------ Entries provided ------

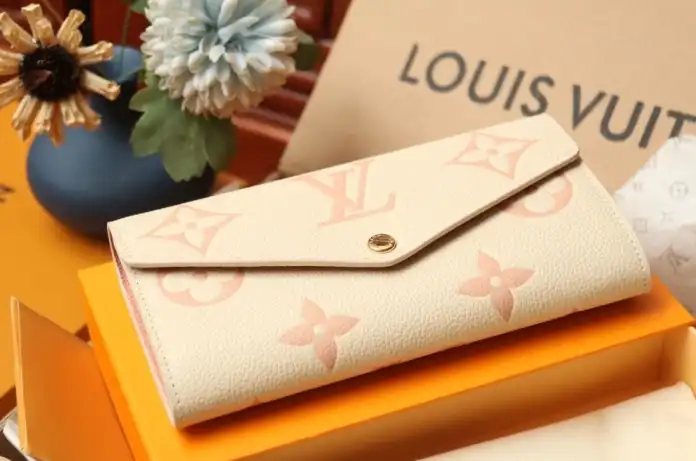 LV Wallets 4206A-0104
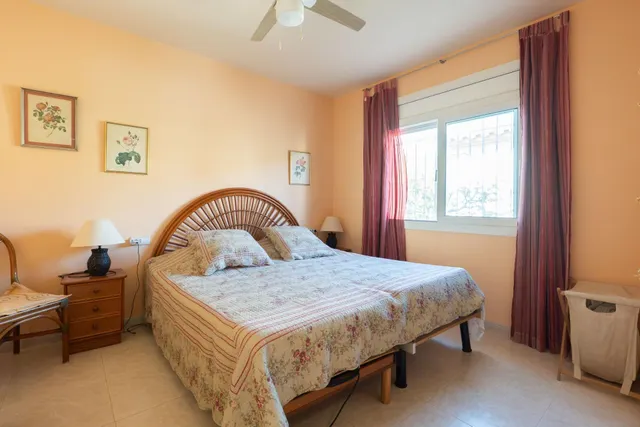 Casa en Riumar con parcela de 600 m2, piscina, garaje, jardín y parking para dos coches — 19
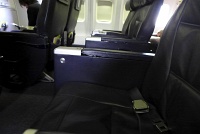  United Airlines First Class, 737-800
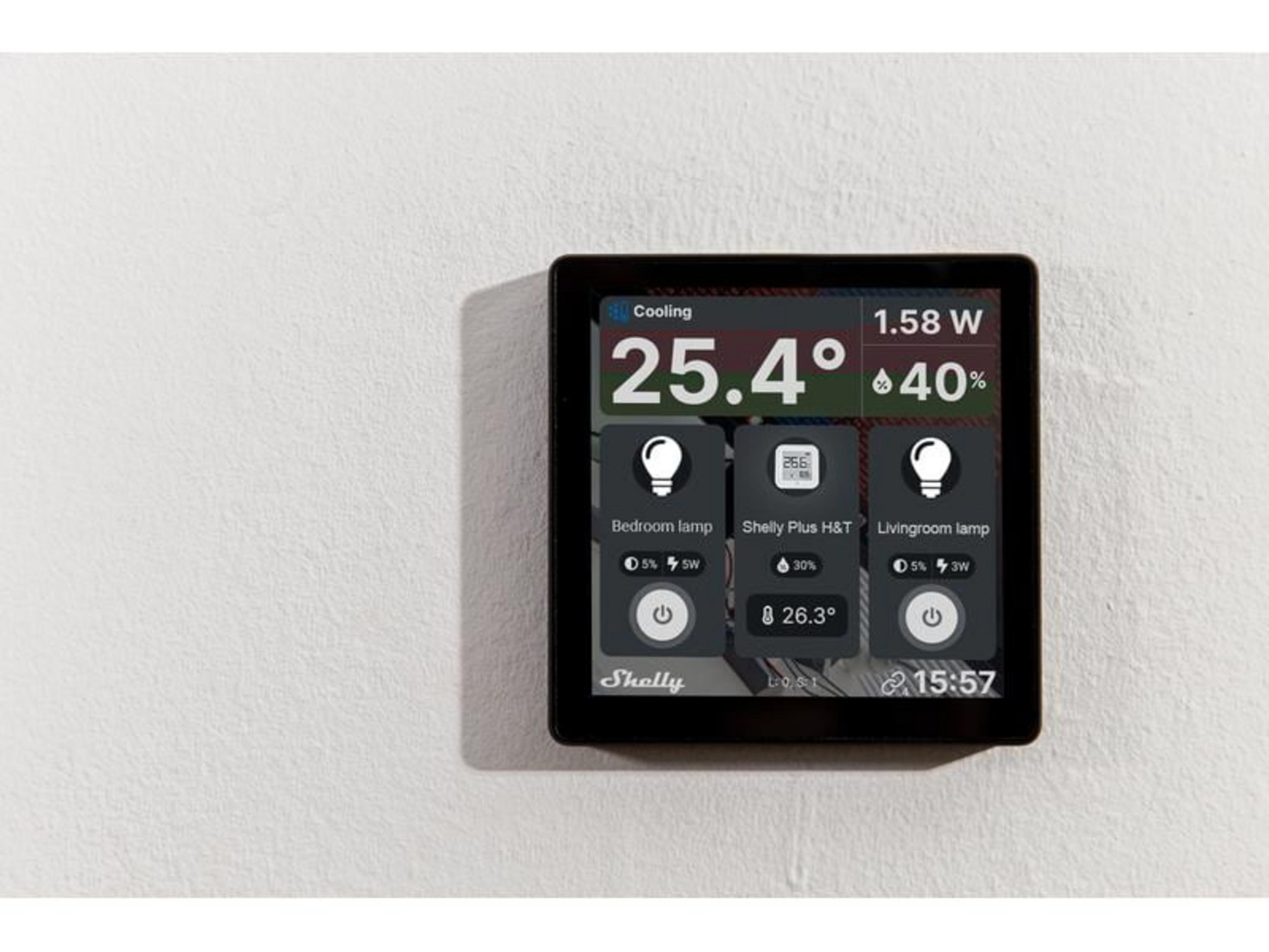 Pantalla de hogar inteligente muestra 25.4°C, 40% humedad, 1.58W de consumo.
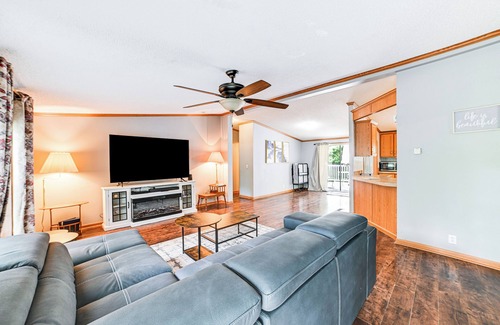 Kuttawa Casa | Kuttawa Vacation Rental w/ Smart TV, Near Marinas!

------

Would you transcribe exactly, and only, the lines from the one containing "Casa en Riumar" through the last line of the records above, both included, leaving out the pictures?

 Casa en Riumar con parcela de 600 m2, piscina, garaje, jardín y parking para dos coches — 19
  United Airlines First Class, 737-800
 Pantalla de hogar inteligente muestra 25.4°C, 40% humedad, 1.58W de consumo.
 Kuttawa Casa | Kuttawa Vacation Rental w/ Smart TV, Near Marinas!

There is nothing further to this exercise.